[[ Data provided open ]]

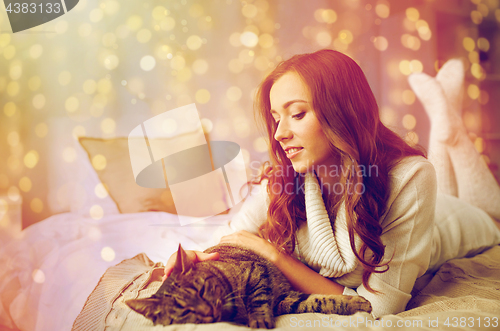 Image of happy young woman with cat lying in bed at home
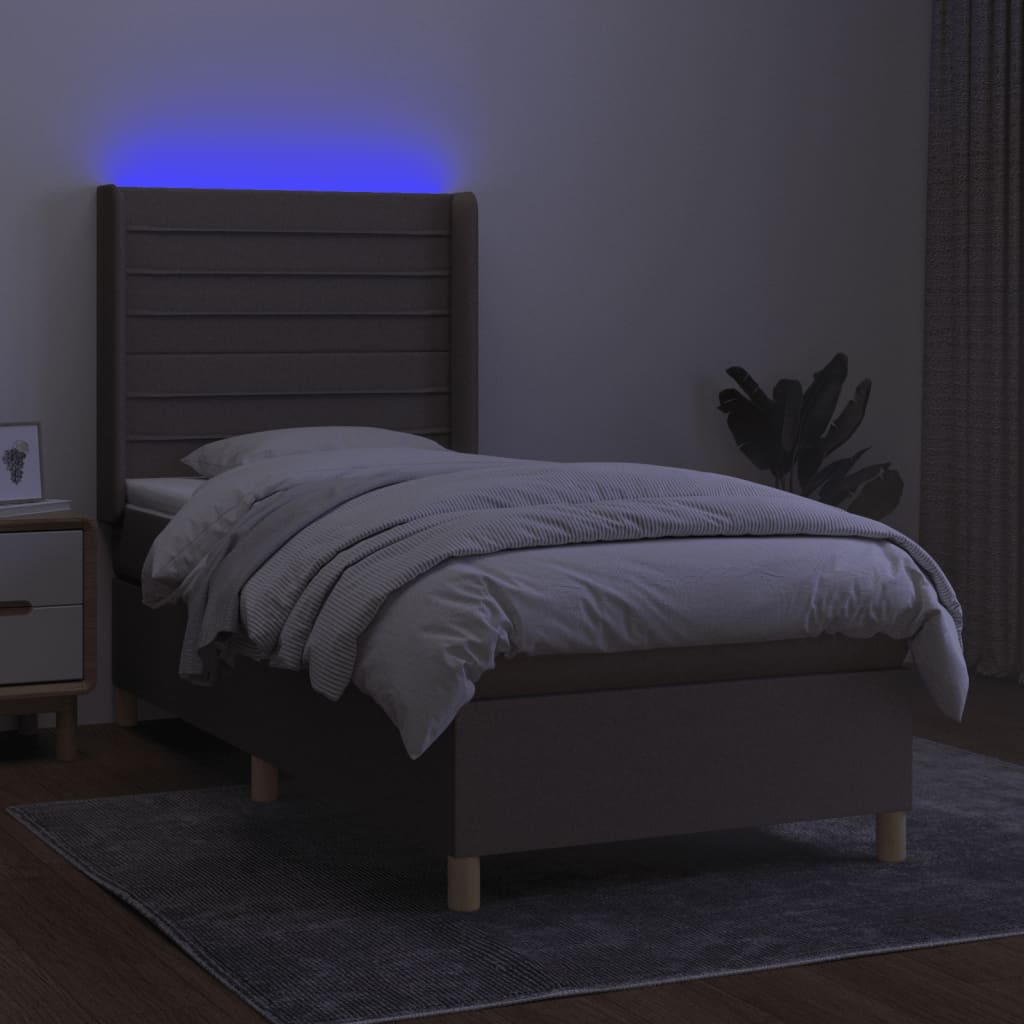 vidaXL Box spring postelja z vzmetnico LED taupe 100x200 cm blago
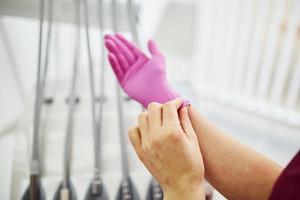 vicino su Visualizza di femmina dentista nel uniforme indossare guanti nel stomatologia ufficio foto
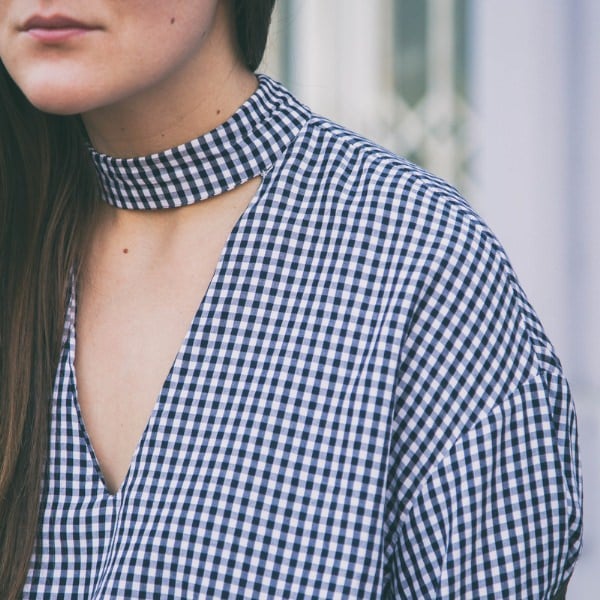 woman in vichy print shirt
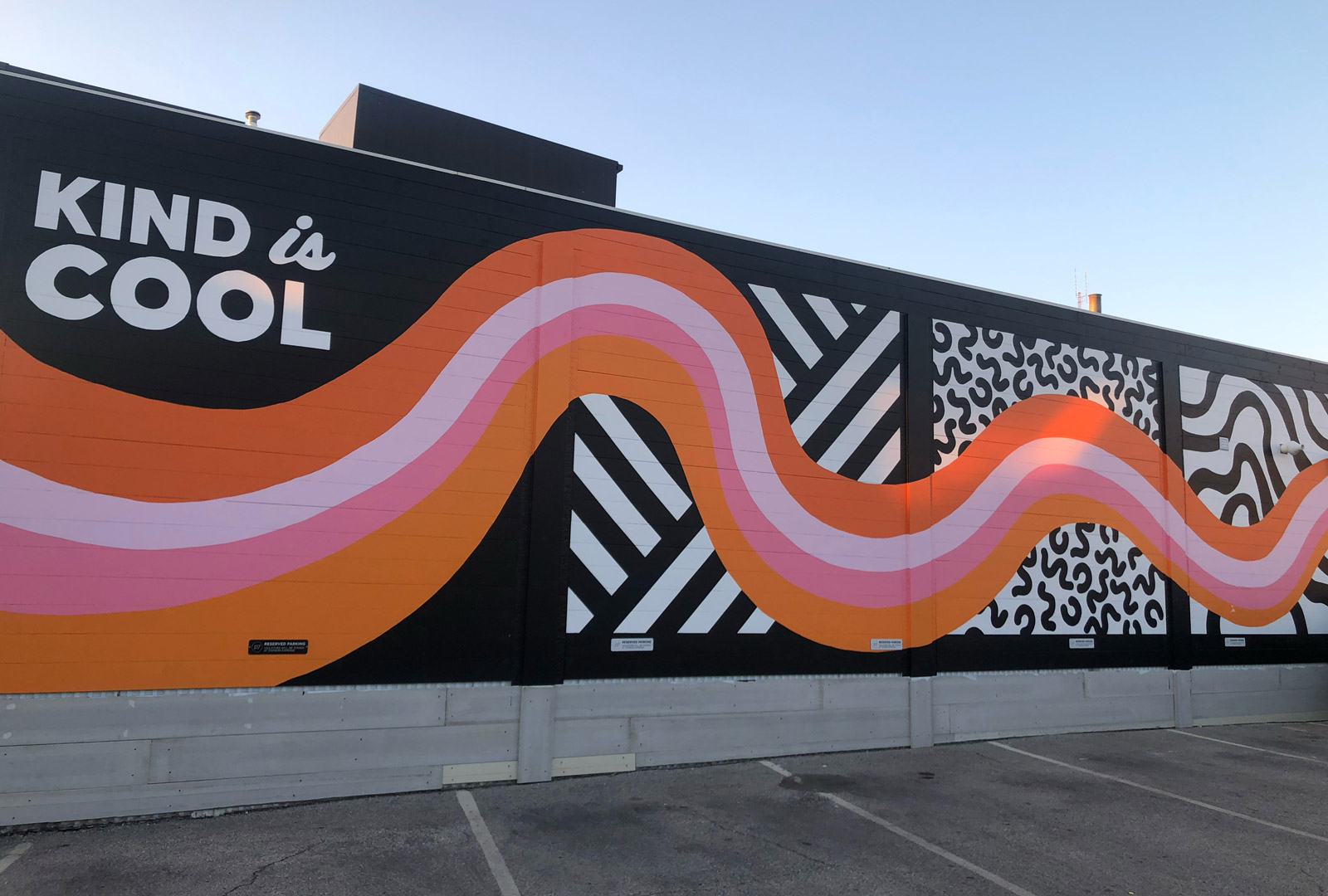 Pink, orange, white, and black mural that says Kind is Cool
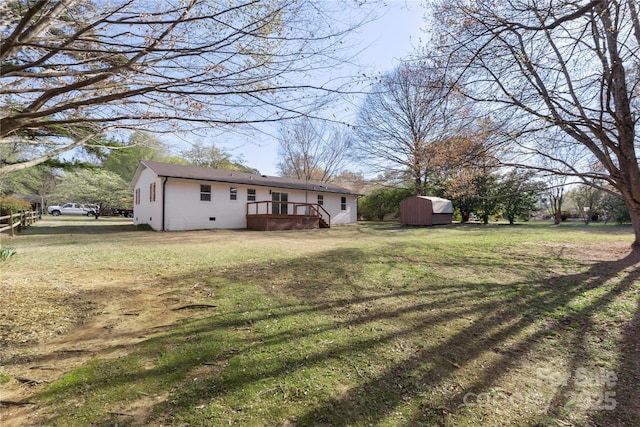 1315 Vickie Ln, Matthews, NC 28104 - view of grassy yard featuring a wooden deck and a shed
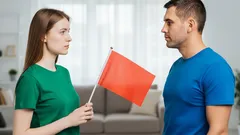 Žena drží červenou vlajku před mužem, symbol varování v partnerském vztahu.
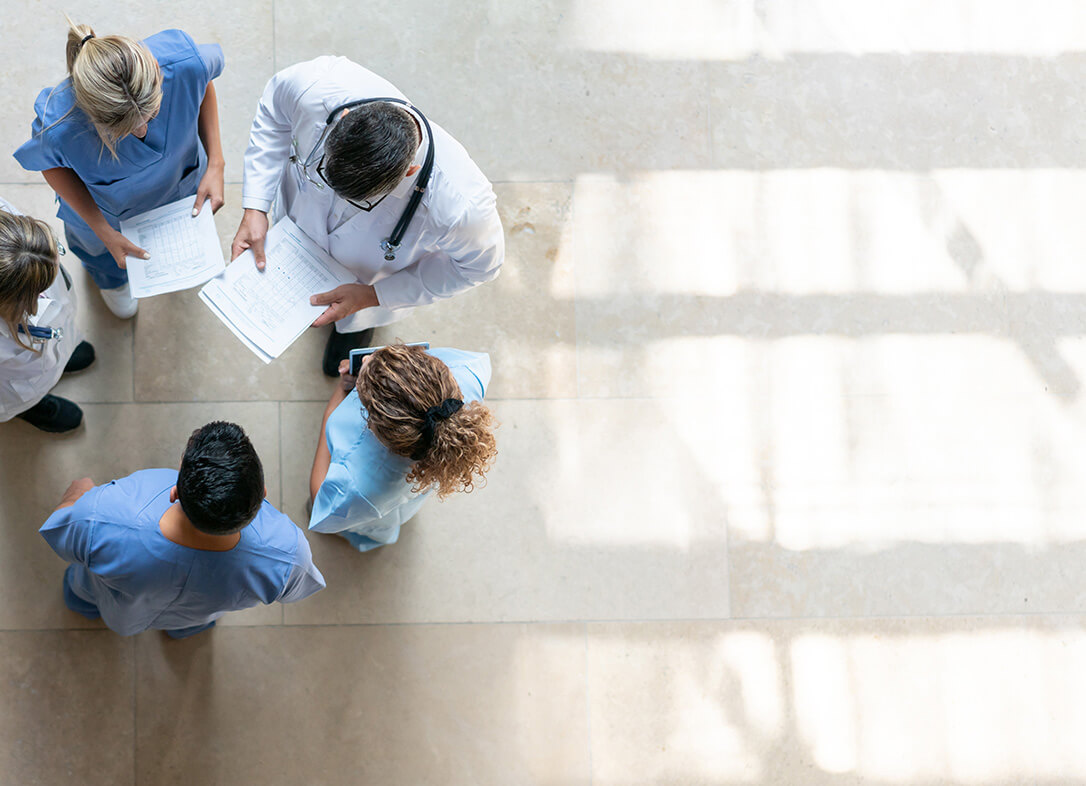 Health care professionals studying documents together in a bright hospital corridor
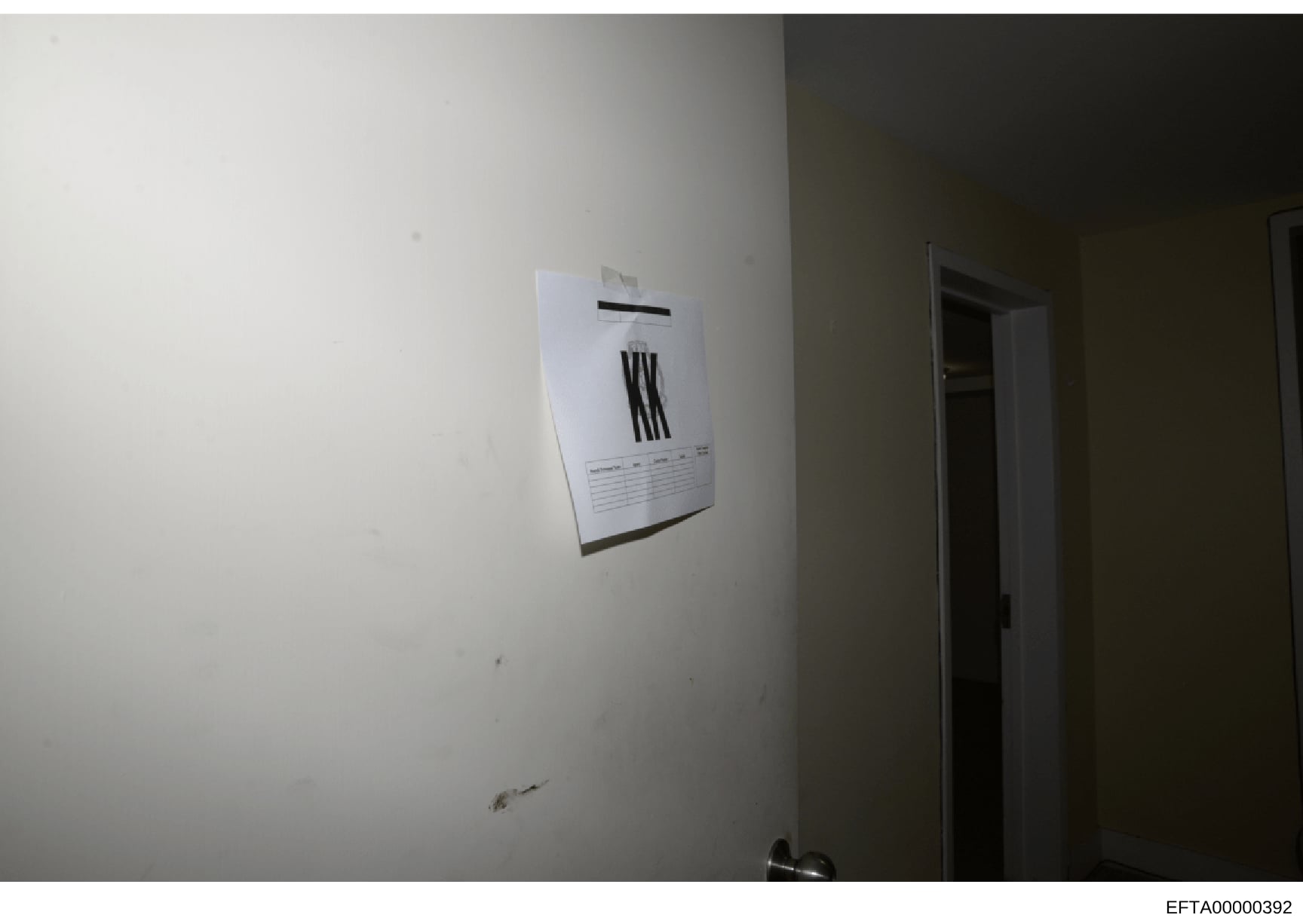 This is an evidence photograph showing the interior of a room with a wall-mounted thermostat unit and an adjacent doorway. The image appears to be part of a property documentation or forensic investigation record, with minimal markings or identifying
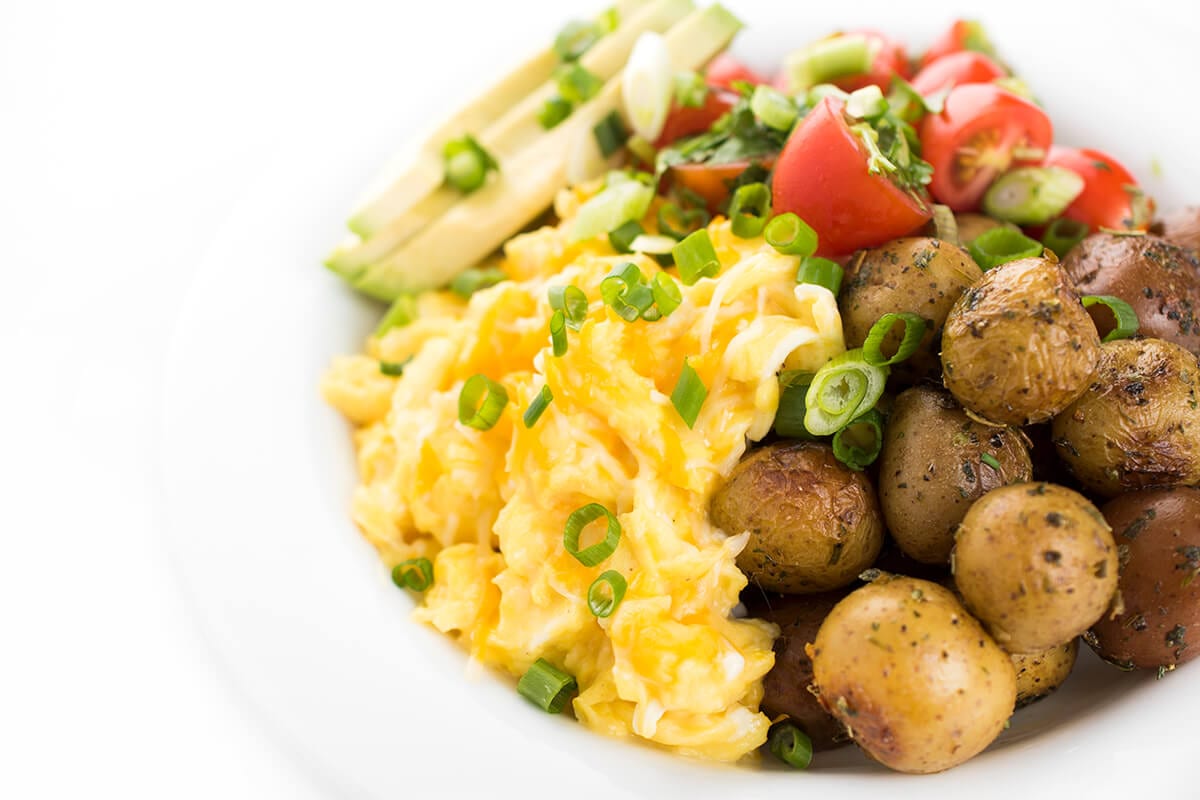 A cheesy egg and potato breakfast bowl.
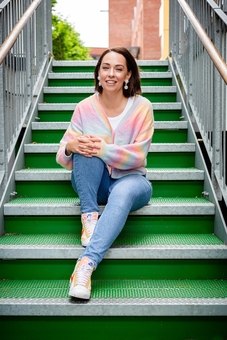 The Joyful Rebel owner sitting on green steps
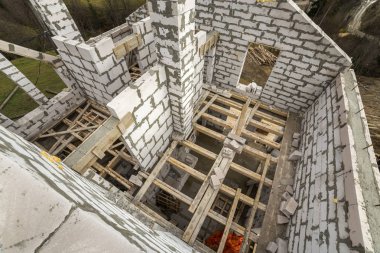 Gelecekteki yazlık, enerji tasarrufu büyük beyaz içi boş köpük yalıtım blokları ve geçici ahşap iskele çerçeve duvarlarının iç. İnşaat, duvarcılık, modern teknoloji kavramı.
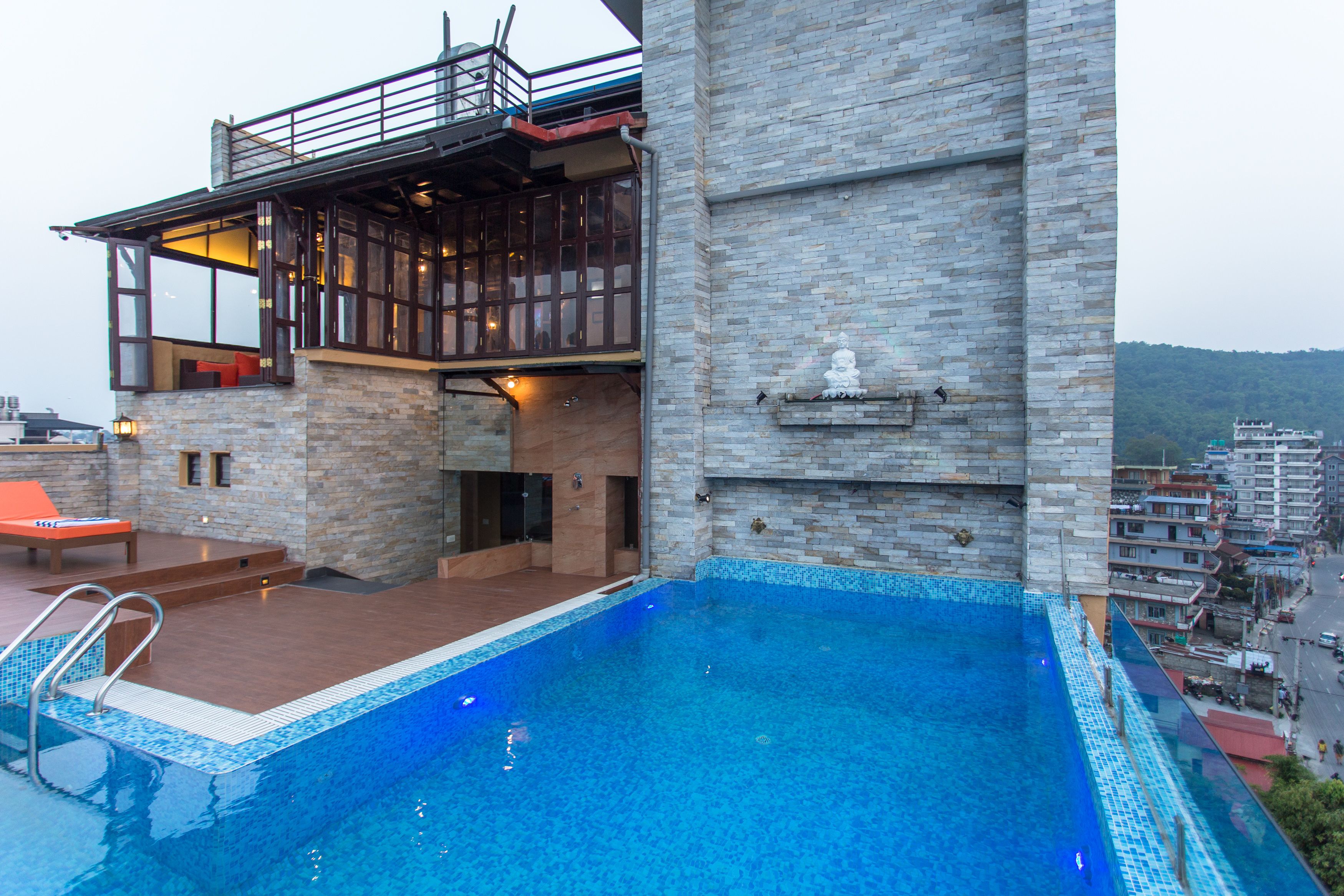 A modern building with a swimming pool, a balcony, and a view of the surrounding area.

[[ Data provided closed ]]

| Problem requirements |
Every entry is to be transcribed exactly, but the pictures are to be left out.

| Reply |
 Image of happy young woman with cat lying in bed at home
 vidaXL Box spring postelja z vzmetnico LED taupe 100x200 cm blago
 vicino su Visualizza di femmina dentista nel uniforme indossare guanti nel stomatologia ufficio foto
 woman in vichy print shirt
 Pink, orange, white, and black mural that says Kind is Cool
 1315 Vickie Ln, Matthews, NC 28104 - view of grassy yard featuring a wooden deck and a shed
 Žena drží červenou vlajku před mužem, symbol varování v partnerském vztahu.
 Health care professionals studying documents together in a bright hospital corridor
 This is an evidence photograph showing the interior of a room with a wall-mounted thermostat unit and an adjacent doorway. The image appears to be part of a property documentation or forensic investigation record, with minimal markings or identifying
 A cheesy egg and potato breakfast bowl.
 The Joyful Rebel owner sitting on green steps
 Gelecekteki yazlık, enerji tasarrufu büyük beyaz içi boş köpük yalıtım blokları ve geçici ahşap iskele çerçeve duvarlarının iç. İnşaat, duvarcılık, modern teknoloji kavramı.
 A modern building with a swimming pool, a balcony, and a view of the surrounding area.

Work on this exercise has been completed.